+++ Information shown
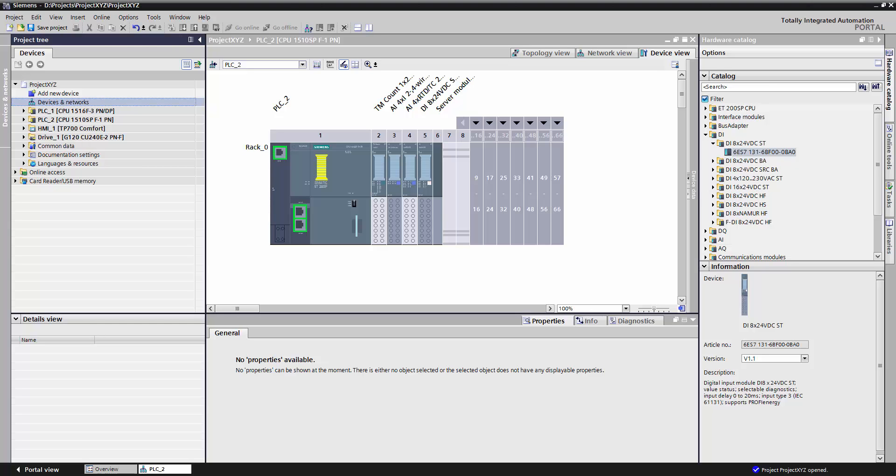In the previous parts, we focused on the network editor and the device editor. In this part, we're going to further break it down into two sections. The first section is going to focus on how code is structured for Siemens PLCs. The next section is going to focus on the code editor itself.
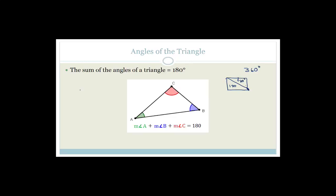For example, a shape like a trapezium — I could break it up into triangles. Let's say there are four triangles there. So I can go four times 180, which gives 720 degrees. So all the angles in that shape have to add up to 720 degrees.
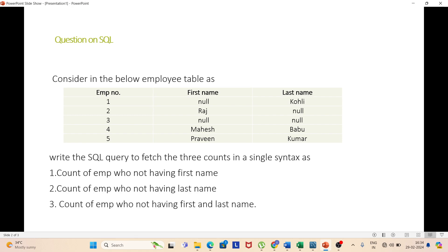You can observe the table — there are five rows. There are two nulls in the first name column, two nulls in the last name column, and one row where both first name and last name are null. So the expected output should be two, two, one.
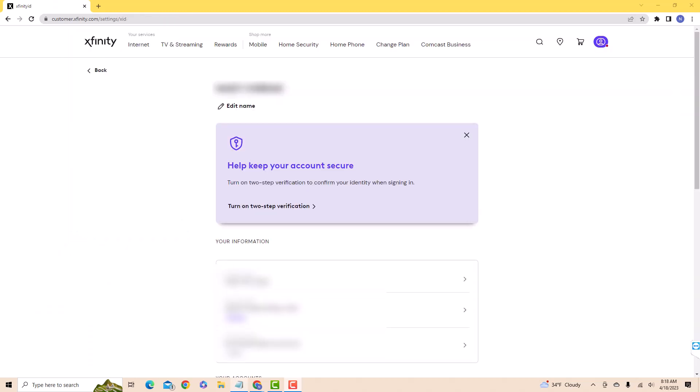And now Two-Step Verification has been turned off. That's how you turn off two-step verification on Xfinity.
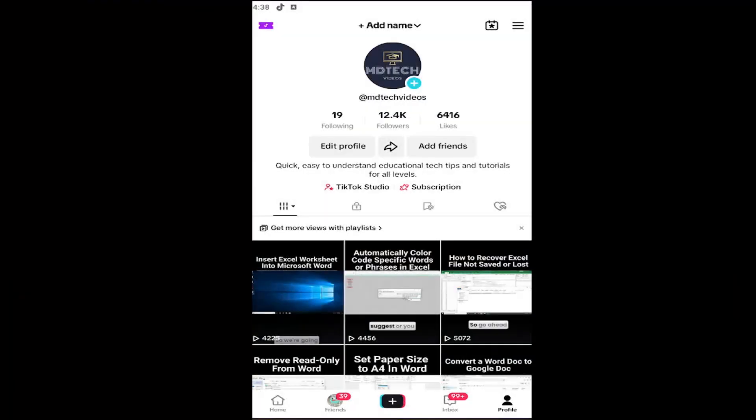Hello, everyone. How are you doing? This is MD Tech here with another quick tutorial. In today's tutorial, I'm going to show you how to check or view your analytics on TikTok.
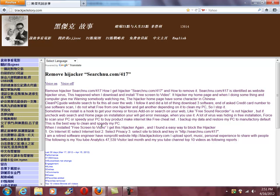When I installed free screen-to-video again, I got this hijacker again, and I found an easy way to block the hijacker. Step 1: In Internet Explorer, select Internet options. Step 2: Select Privacy.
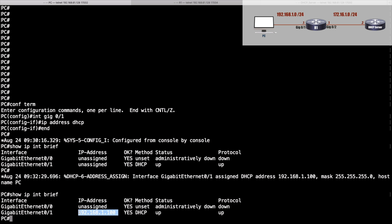There were really three parts to this configuration that I want you to take away. Number one, we saw how to tell a PC's interface to request IP address information via DHCP. We also saw how to configure a router as a DHCP server. And we saw how to configure a router—R1 in our case—as a DHCP relay agent.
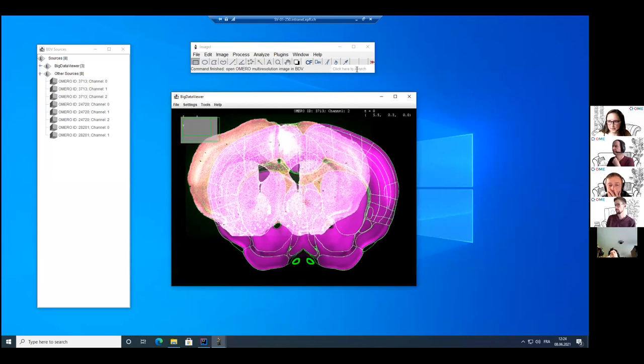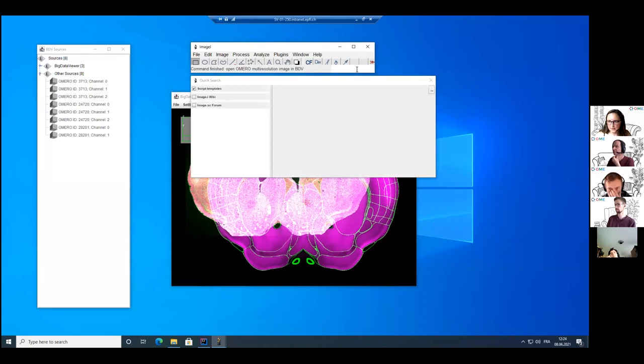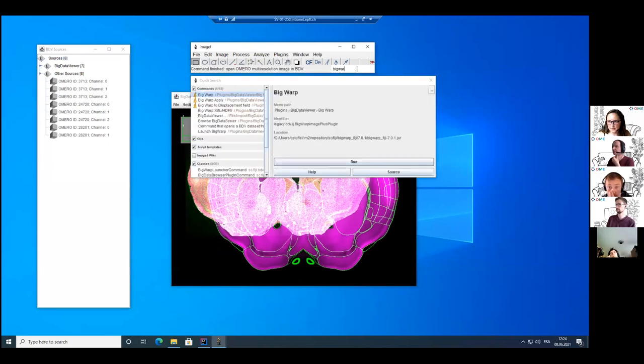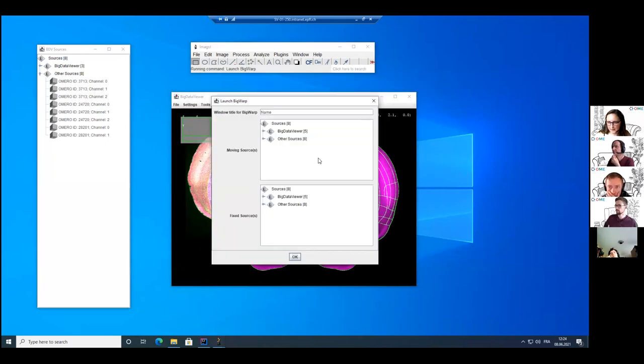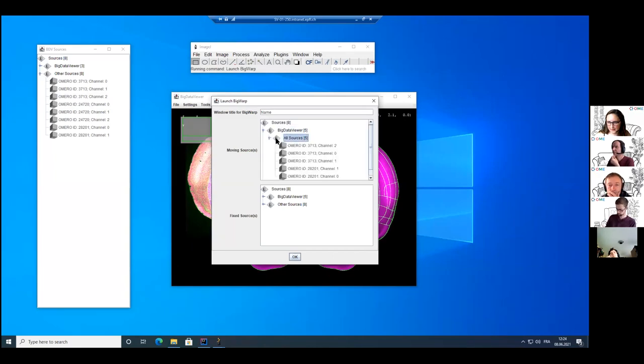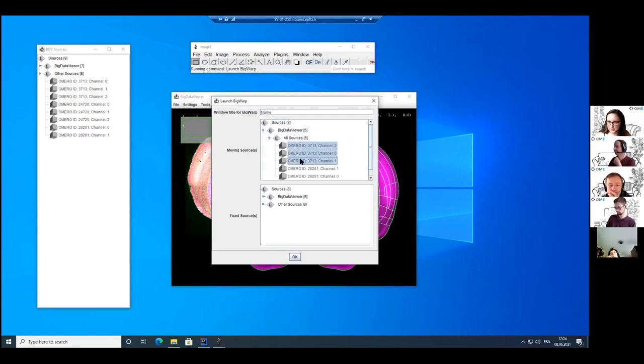So now I can launch BigWarp. I can run it here and I would like to select as moving sources the three channels from my brain fluorescent image. So these are these three.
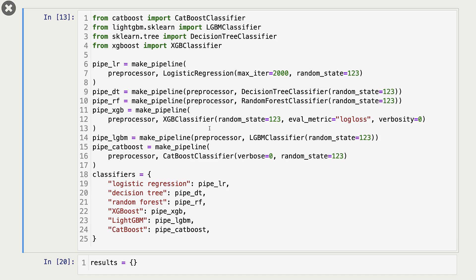I'm importing the appropriate libraries. So I have DecisionTree, then XGBoost classifier, XGB classifier from our XGBoost package, then LGBM classifier from LightGBM, and CatBoost classifier from CatBoost.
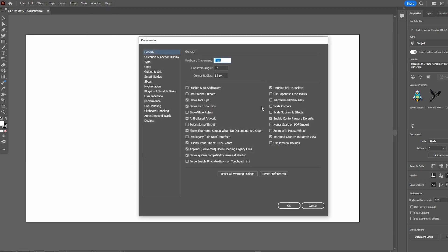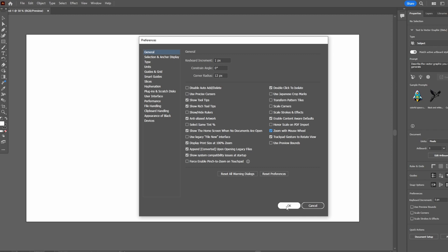Here find Zoom with mouse wheel. Check this and press OK.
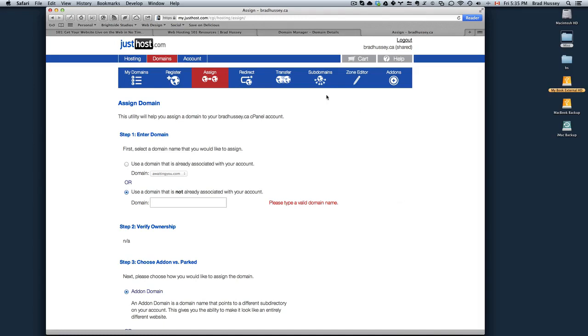In the next video, I'm going to show you how to do exactly that, how to upload your website to your domain via FTP. So look forward to that video. I'll see you then.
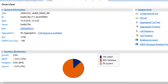ABAP Managed Database Procedures (AMDP): AMDPs are a way to encapsulate database-specific SQL script and HANA native code into ABAP. It helps to push down computation-intensive logic into the HANA database, improving performance.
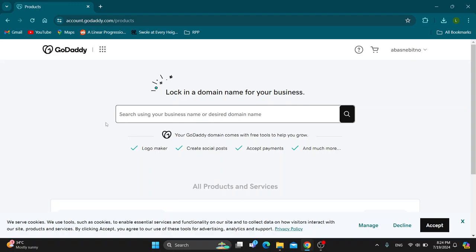Hey everybody, what's up and welcome back to today's video. Today I'm going to show you how to set up a GoDaddy email.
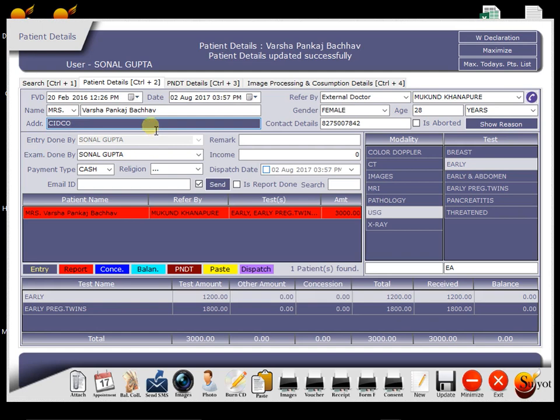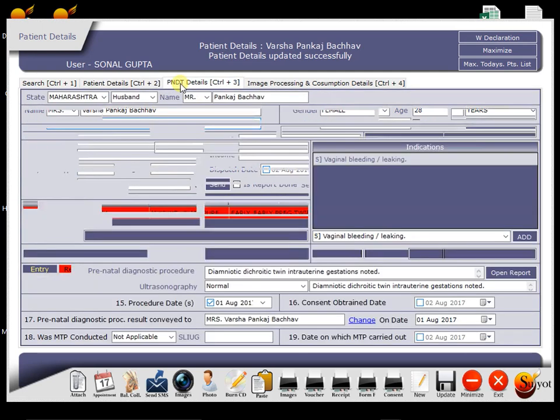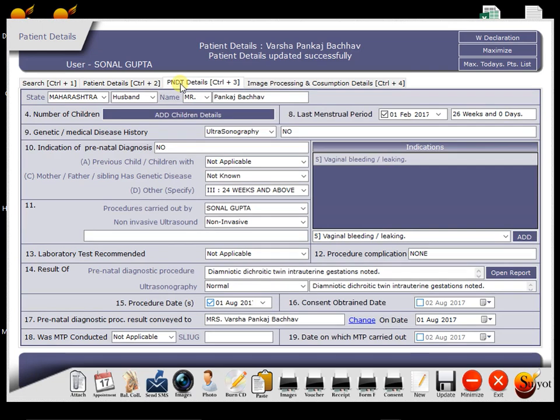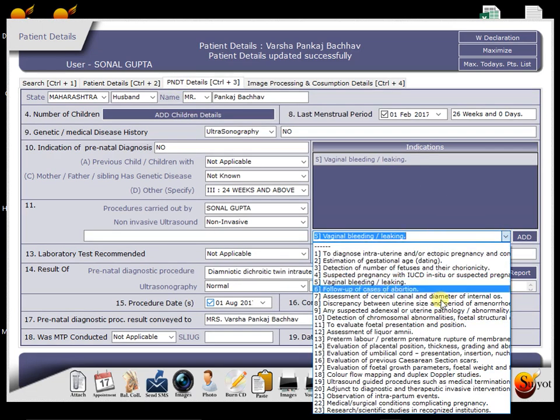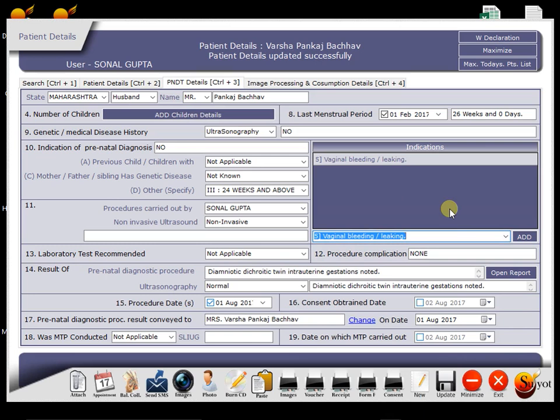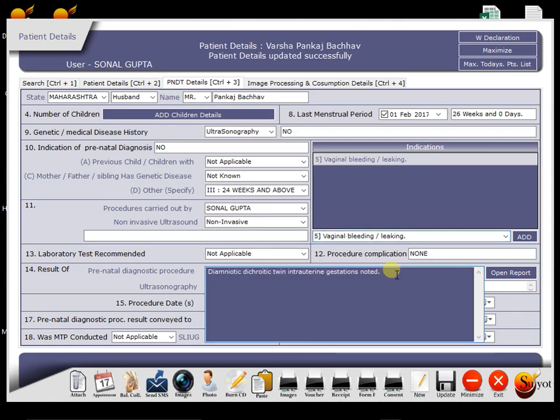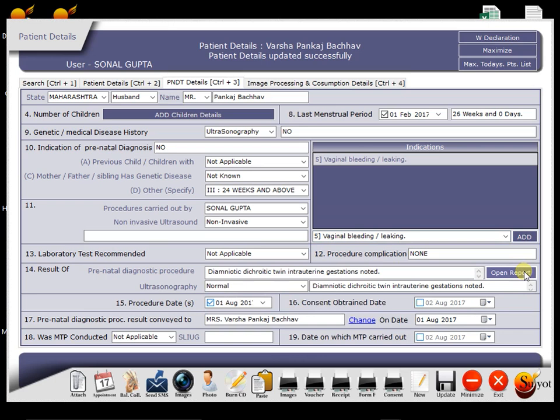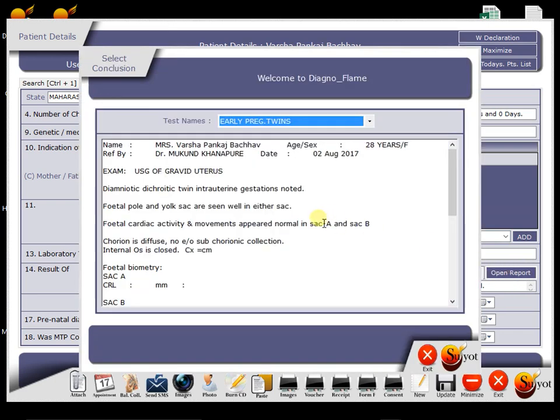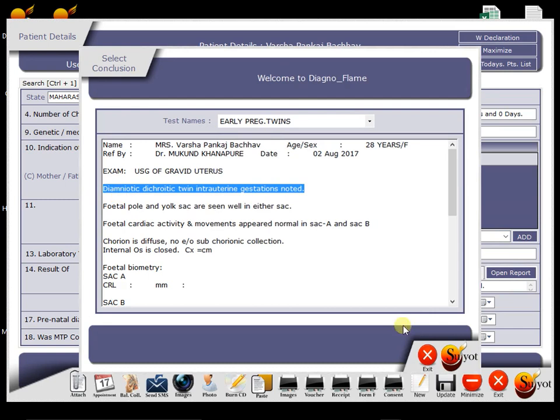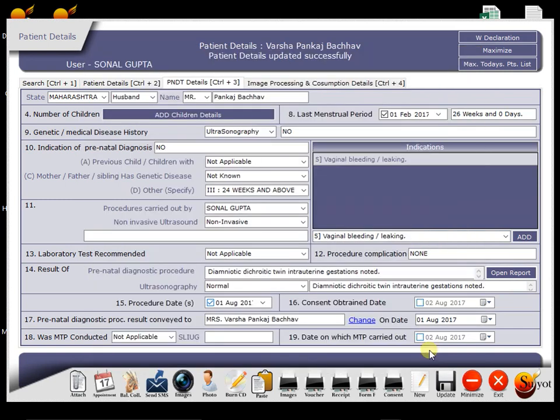So what is the use of the software here? Just go to the PCPNDT details tab, and we have to select only indications. All other information will automatically get carried forward to the website and remaining info, which is almost same for every patient, has been set by default. And then for impression, you have to just press open report and select impression. So impression also comes here automatically.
++++++
From the data above, retype only the lines starting with the line with "There were really" and going on through the line with "Here find Zoom", exactly, leaving out the pictures.

There were really three parts to this configuration that I want you to take away. Number one, we saw how to tell a PC's interface to request IP address information via DHCP. We also saw how to configure a router as a DHCP server. And we saw how to configure a router—R1 in our case—as a DHCP relay agent.
So now I can launch BigWarp. I can run it here and I would like to select as moving sources the three channels from my brain fluorescent image. So these are these three.
I'm importing the appropriate libraries. So I have DecisionTree, then XGBoost classifier, XGB classifier from our XGBoost package, then LGBM classifier from LightGBM, and CatBoost classifier from CatBoost.
Here find Zoom with mouse wheel. Check this and press OK.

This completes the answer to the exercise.